Wednesday, 19 August 2009

The absence from the daily political scene of Bernard Ingham, who almost always cuts the cackle and talks sense,  is a great loss.  Here he is on excellent form and sums up the expenses row to perfection.  (apart from his faint praise for the ghastly Telegraph!] 

Christina

YORKSHIRE POST
18.8.09
Bernard Ingham: Westminster silly season has gone mad and bad

I BLAME global warming. This year we don't just have a silly season but a mad one, what with Harriet Harperson and Lord Mandelson running the country – as if Gordon Brown were not funny enough – and assorted Tories making idiots of themselves, to the embarrassment of David Cameron.
All we need is Nick Clegg, the Liberal Democrats' leader, to repeat his plan to put the lights out by getting rid of both coal-fired and nuclear power stations, and we shall have a full hand – a crackpots' convention.

Tory MEPs Daniel Hannan and Roger Helmer, whose existence was a well-kept secret until they crashed into print on the NHS, should have known better. Not even the most balanced critique of the NHS is going to get a good press in Britain, especially when Labour is so proprietorial about it.

The NHS is officially a good thing, a sacred cow, and nobody with even a mildly admonitory word to say about it is going to get a fair hearing. That is a burden it – and the taxpayer – has to bear because it is more perfect in conception – free treatment at the point of delivery, which no party is going ditch – than in execution.

It is capable of both heroic care and abject failure in cleanliness. It is inevitably exploited by both its staff and its patients. It can never hope in any affordable way to keep pace with the demands of an ageing population and medical discovery.

And, as is our wont, we have moved from one extreme to another – from minimal or rudimentary management pre-Thatcher, to over-management post-Thatcher. The human race would save itself billions if it could learn how to control the swing of the pendulum.

The silly season result is an absurd transatlantic row over whether the US should acquire something like the NHS when it is clear that all nations need effective basic medical care for all their people, not just for their country's own physical health but for its economic and social well-being, too.

Which brings me to that well-known fool, Alan Duncan, Shadow Leader of the House of Commons.

I should perhaps say that my friends tell me Duncan has broadly the same view of me after I wrote to him years ago telling him that his energy policy was not worth the paper it was written on. Sadly, it hasn't noticeably improved since he ceased to have anything to do with it. But I digress.

The altogether too cocky Duncan has rightly been ridiculed and squashed for being inveigled into complaining, on camera, that MPs are forced to live on rations, carefully omitting to mention that those rations – if taken within the Palace of Westminster – are subsidised by us.

Where, you might reasonably wonder, do they dig up our MPs these days when they can be so self-centred and so insensitive to public opinion after the expenses and allowances excesses?

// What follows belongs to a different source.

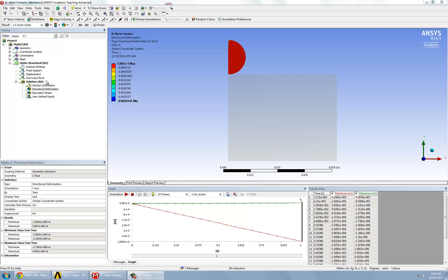Other results that we might be interested in looking at is perhaps the force reaction. This is a good way to check that your applied load balanced appropriately at the boundaries.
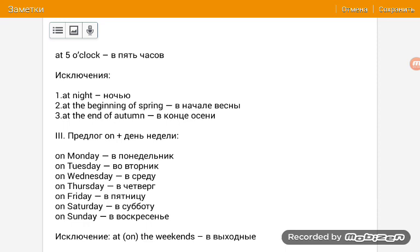Ну вот, ребята, мы с вами быстренько познакомились с этой темой. Думаю, видео было полезным для вас. Если да, то обязательно делитесь этими видео со своими друзьями, подписывайтесь на этот канал и ставьте лайки под это видео. До скорых встреч, ребята! Пока-пока.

Is it so surprising that they are treated like excrement – as Duncan also less elegantly complained?

Of course not. But however stupid Duncan has been, he has managed, entirely inappropriately, to convey a certain uncomfortable truth. Quite simply, our MPs are plagued with as great a sense of injustice as Neil Warnock's over Crystal Palace's denied goal at Bristol City last weekend. [Eh? -cs] 

In one sense, The Daily Telegraph did us all a great service in buying a computer disk to reveal MPs' exploitation of the Westminster expenses and allowances system, which the Commons would have otherwise tried to cover up. But in another sense, it did the body politic a major disservice by effectively holding a month-long kangaroo court.

If it has not entirely tarred every MP with the same brush, it has quite failed to distinguish between the criminal and the opportunist. So far, not a single charge has been laid against any MP. I suspect it will be difficult to do so because there seems to be ample evidence going back years, of active official encouragement to milk the system.

Nor, while we may bemoan their generally loose morality, can we have MPs condemned for the entrepreneurial flair in exploiting opportunities that our capitalism extols or for legitimately evading taxes when engineering just that provides a good living for an entire corps of lawyers, accountants and consultants.

It is entirely wrong that useful MPs are being driven out of the
Commons by death threats for doing – and even not doingwhat comes naturally to many people.